Delicious blends of Vietnamese chocolate combined with regional agricultural goods such as coconut, pepper, ginger, and coconut nectar are catching on with foreign clients.

Delicious blends of Vietnamese chocolate combined with regional agricultural goods such as coconut, pepper, ginger, and coconut nectar are catching on with foreign clients.

The global chocolate market is expanding rapidly due to increased demand. Mordor Intelligence predicts that the chocolate market will increase from $111.97 billion in 2023 to $133.18 billion in 2028, at a CAGR (compound annual growth rate) of 3.53%.
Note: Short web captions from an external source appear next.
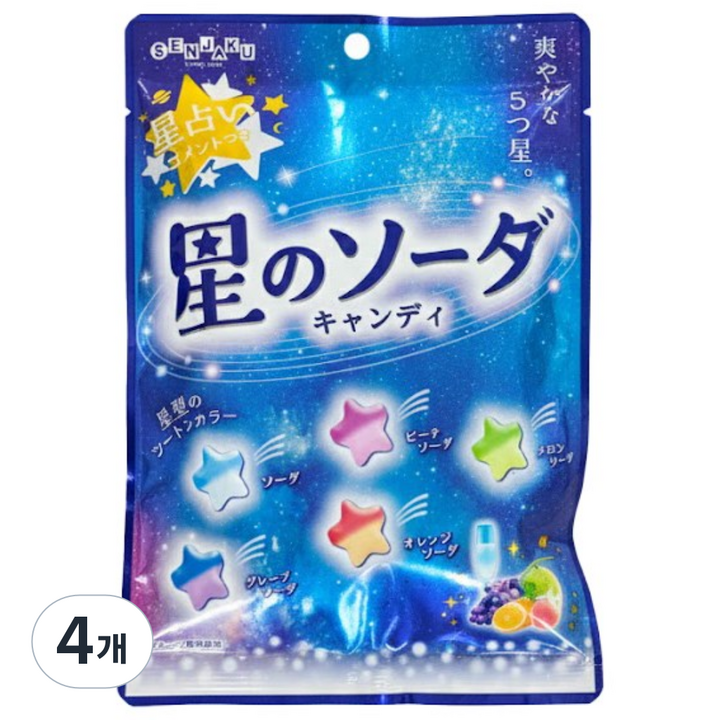 센자쿠 호시노 소다 캔디 일본 별사탕, 4개, 85g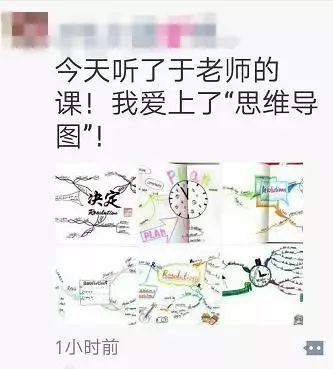 英语开阔的空间思维导图_开阔思路英语_开阔思维英语怎么说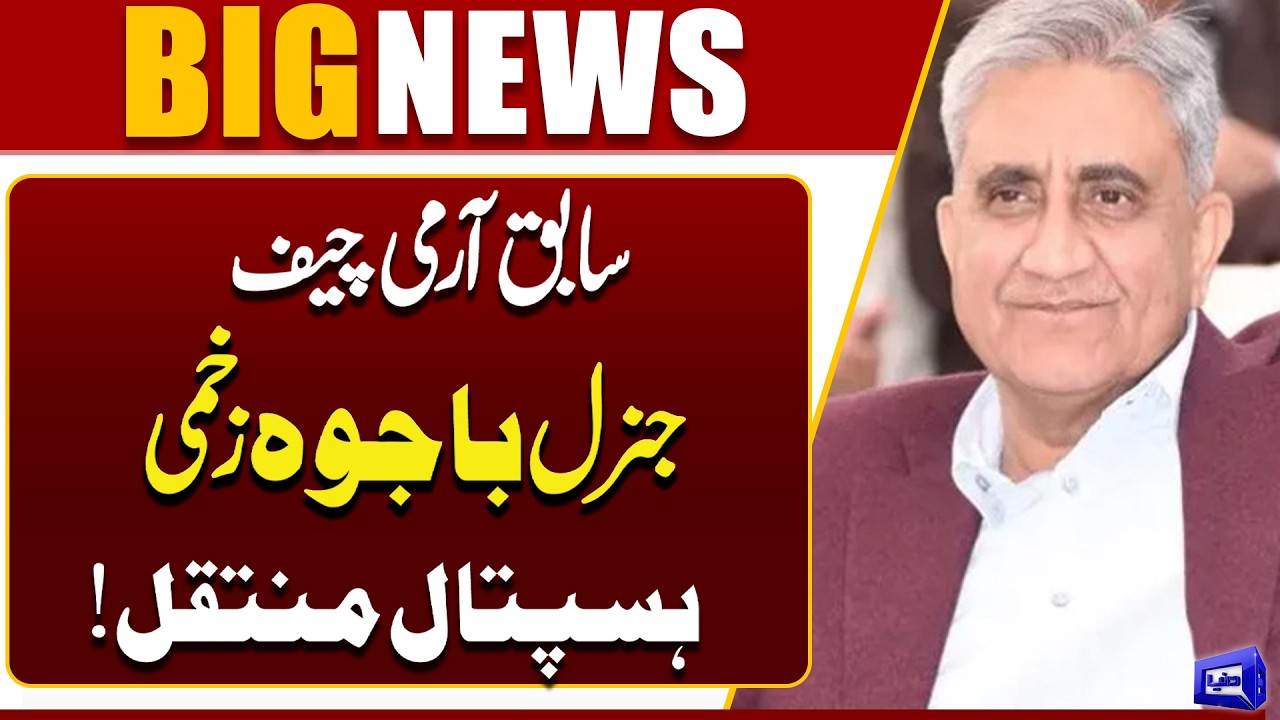 Former Army Chief General Bajwa Injured, Hospitalized | Breaking News  | Dunya News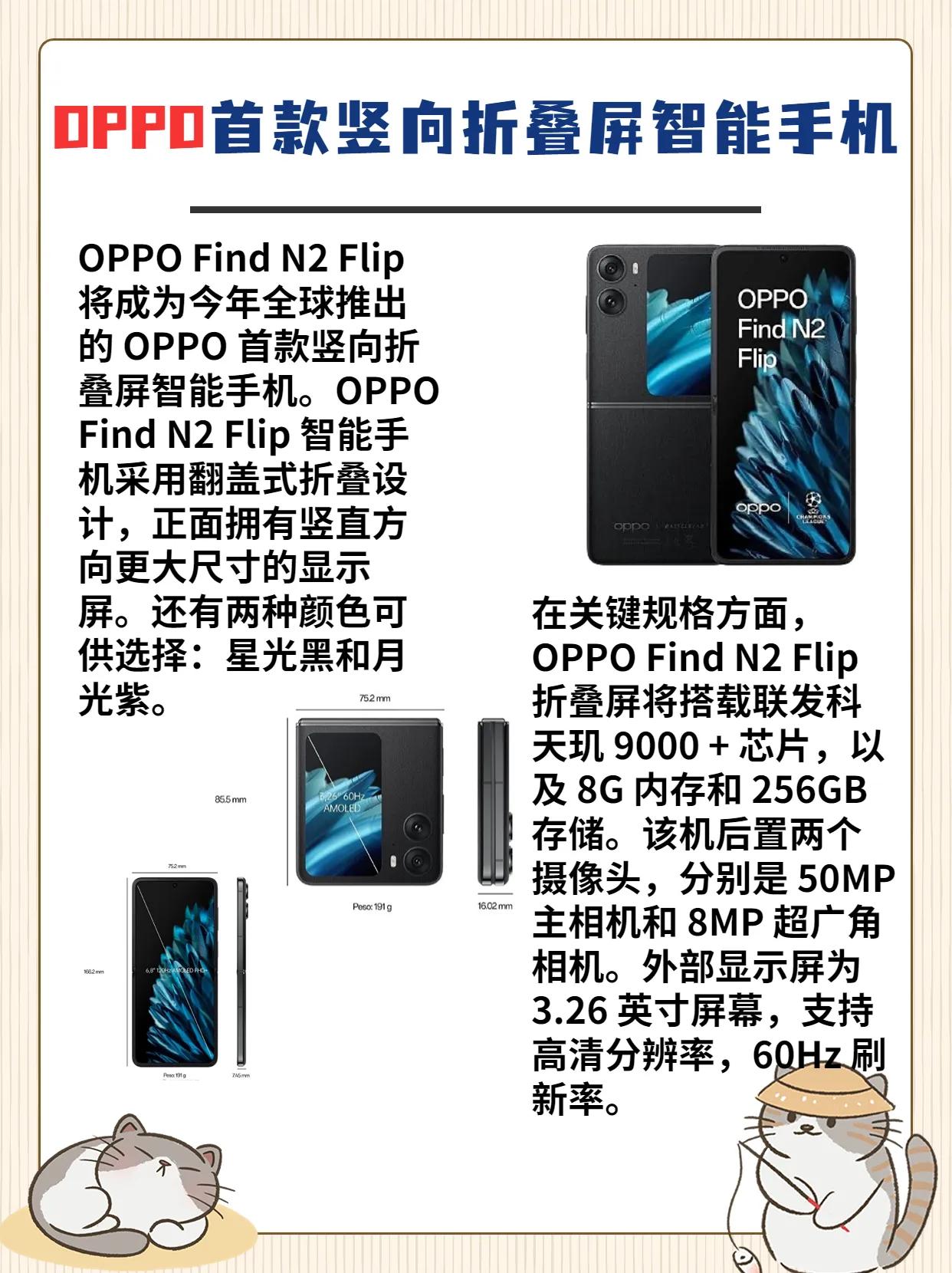 OPPO首款竖向折叠屏手机即将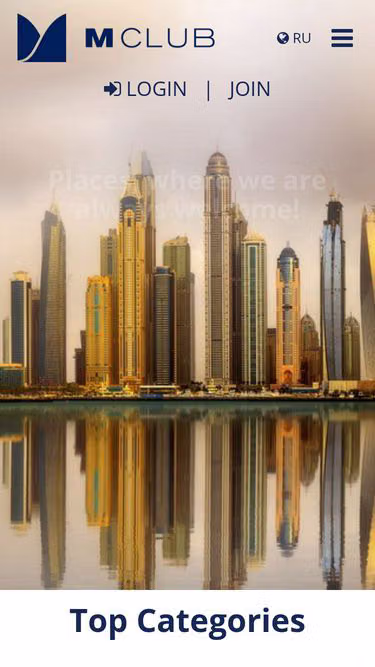 Screenshot of mclub.ae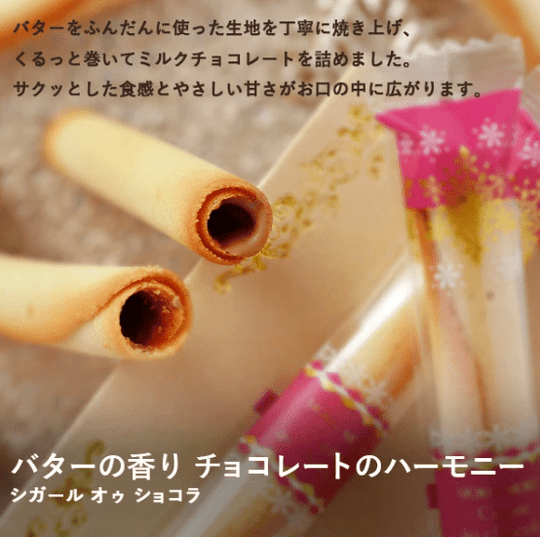 YOKU MOKU Cigare Holiday Season Assortment 26 pieces - WAFUU JAPAN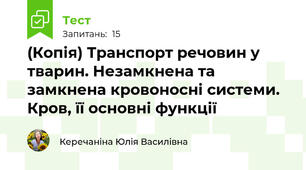(Копія) Транспорт речовин у тварин. Незамкнена та замкнена кровоносні системи. Кров, її основні функції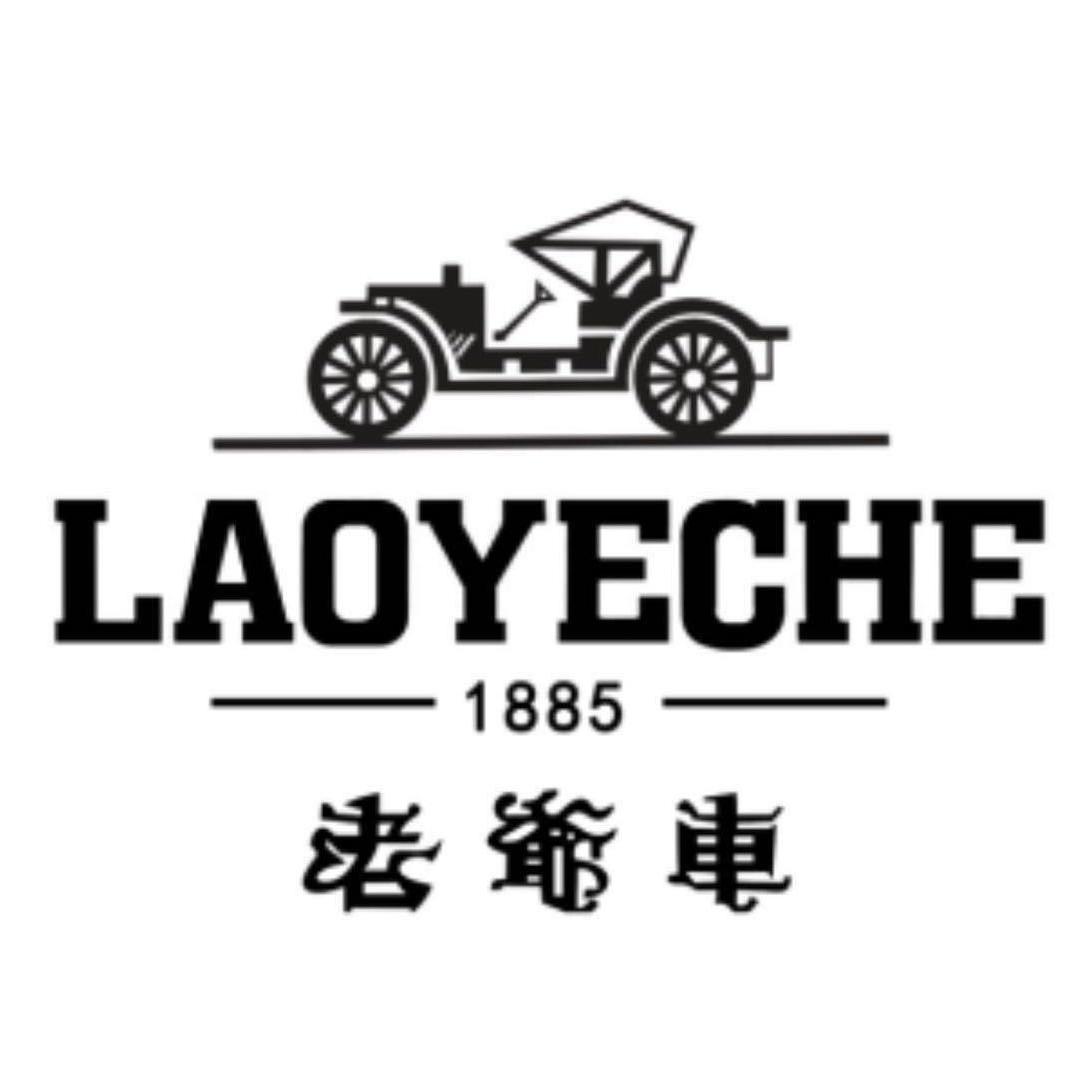 老爷车庚轩精品店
Nguyen Ngoc Diep, director of Xuan Ron Cho Gao Cocoa Co., Ltd (center), and French chocolate specialist Olivier Nicod (right) at Alluvia shop in Ho Chi Minh City, March 16, 2024. Photo courtesy of Alluvia.

In Vietnam, the industry is expanding as more enterprises research, develop, and launch new products.
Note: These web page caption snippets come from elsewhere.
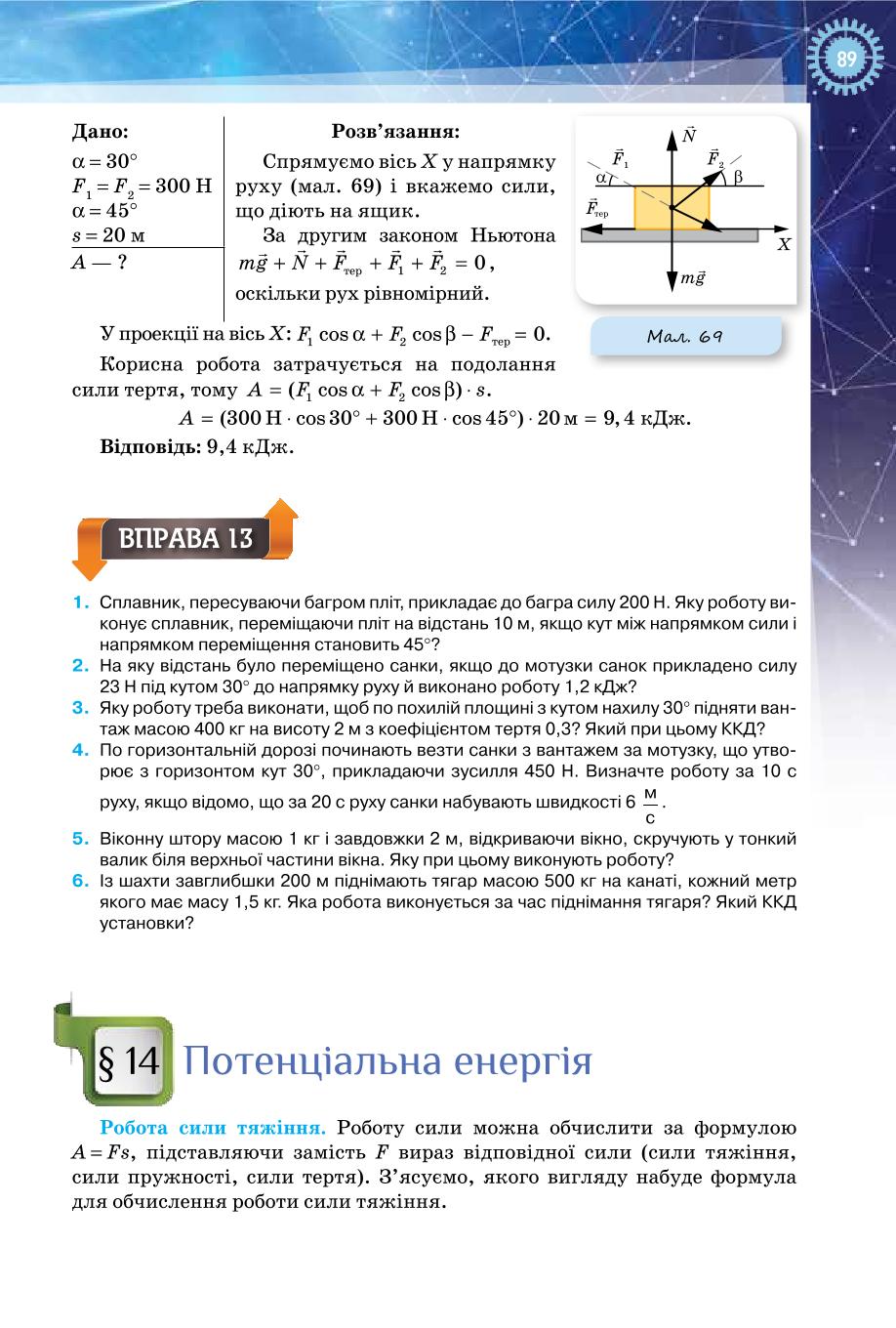 Мініатюра 89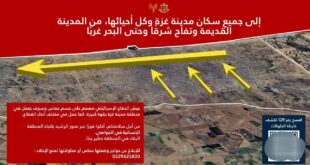 5330093666498383163 121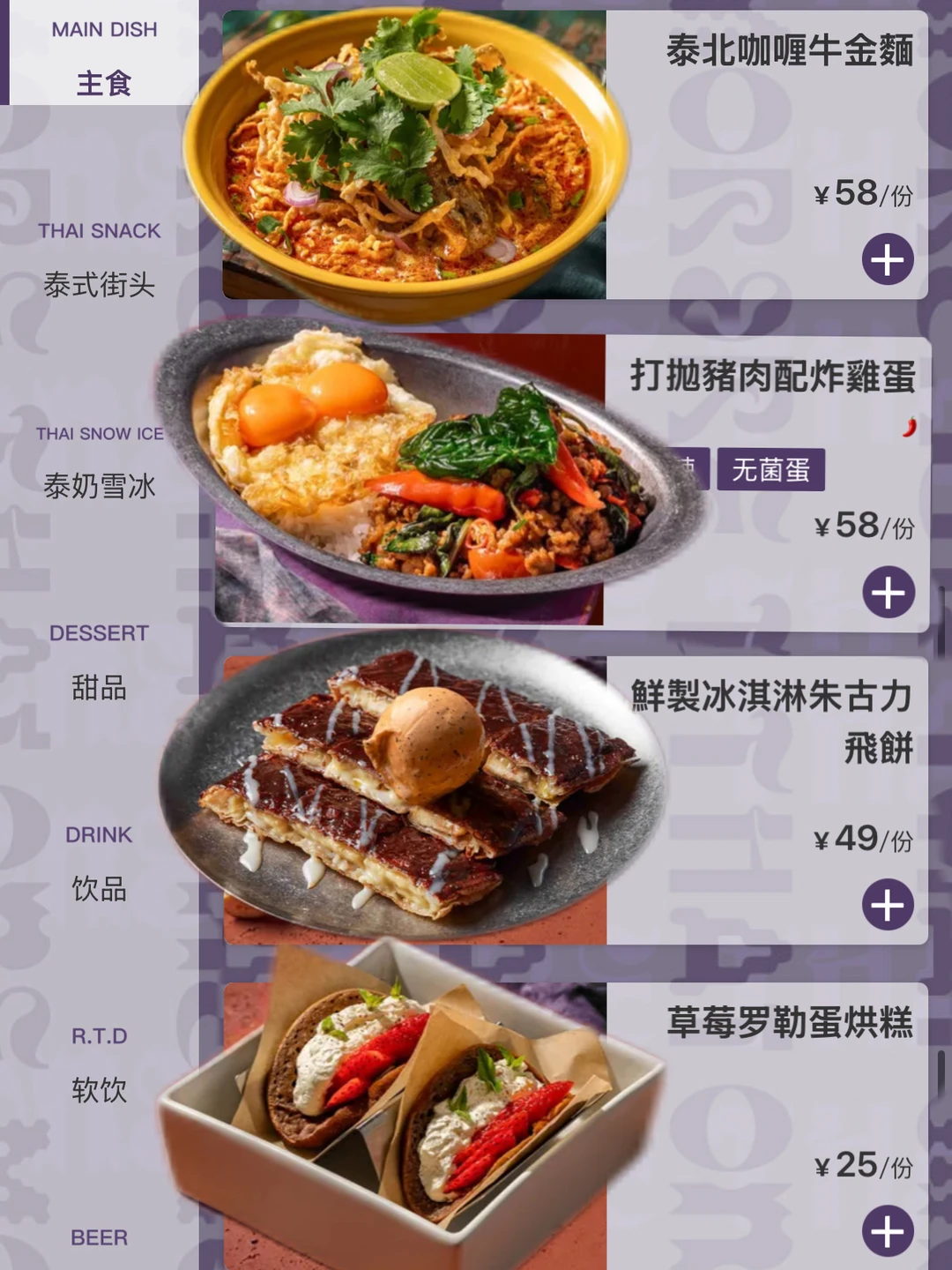 深圳首家！！就在卓悦中心！！泰铺终于开了！！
Nguyen Ngoc Diep, director of Xuan Ron Cho Gao Cocoa Co., Ltd., a chocolate manufacturer in Tien Giang province known for the Alluvia Chocolate brand, explained the combination.
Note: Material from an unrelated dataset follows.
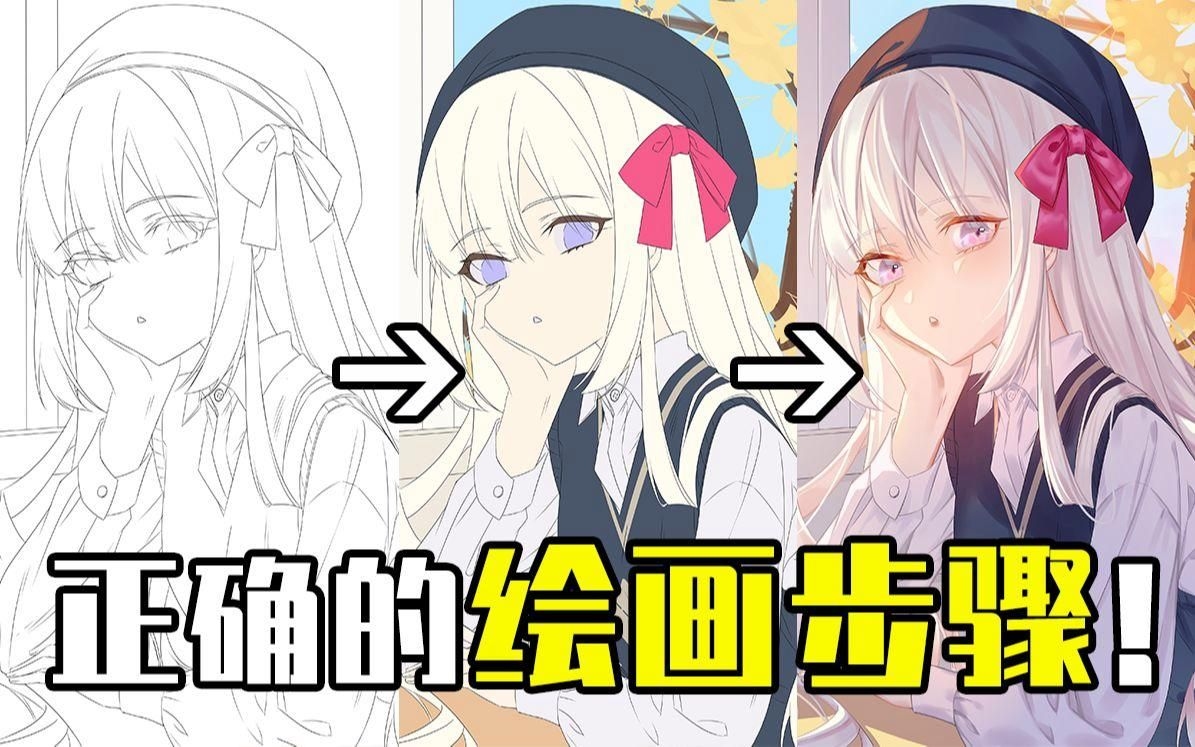 能給出更詳細的繪制步驟嗎？（學院風美少女教程）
"We are producing and distributing all kinds of dark chocolate made from ingredients grown in the Mekong Delta region. The creation of agricultural chocolate, specifically coconut chocolate, ginger, pepper, and cinnamon, stems from our desire to boost the value of Vietnam's agricultural products among international consumers.

"We mixed cocoa with Ben Tre coconut, Phu Quoc pepper, Cao Bang ginger, and, most recently, Tra Vinh coconut nectar, which has piqued people's interest. As a result, we now sell our products nationally and in Japan and Taiwan. Alluvia presently has 10 locations in the domestic market, spread across Ho Chi Minh City, Hanoi, and Hoi An, with the majority of consumers being from overseas."

According to Diep, cocoa powder is mixed with coconut nectar from Sokfarm (a brand of Tra Vinh Farm Co., Ltd. in Tra Vinh province) to make coconut nectar chocolate. Coconut nectar has a low sugar index, making it ideal for diabetics and individuals on diets.

Olivier Nicod, a French chocolate specialist with 30 years of experience, stated that Vietnamese chocolate is becoming increasingly popular around the world. Cocoa powder, the raw substance used to manufacture chocolate, has a distinctive flavor. He has met with several partners from around the world and discovered that they are interested in Vietnamese chocolate and looking for producers to buy from.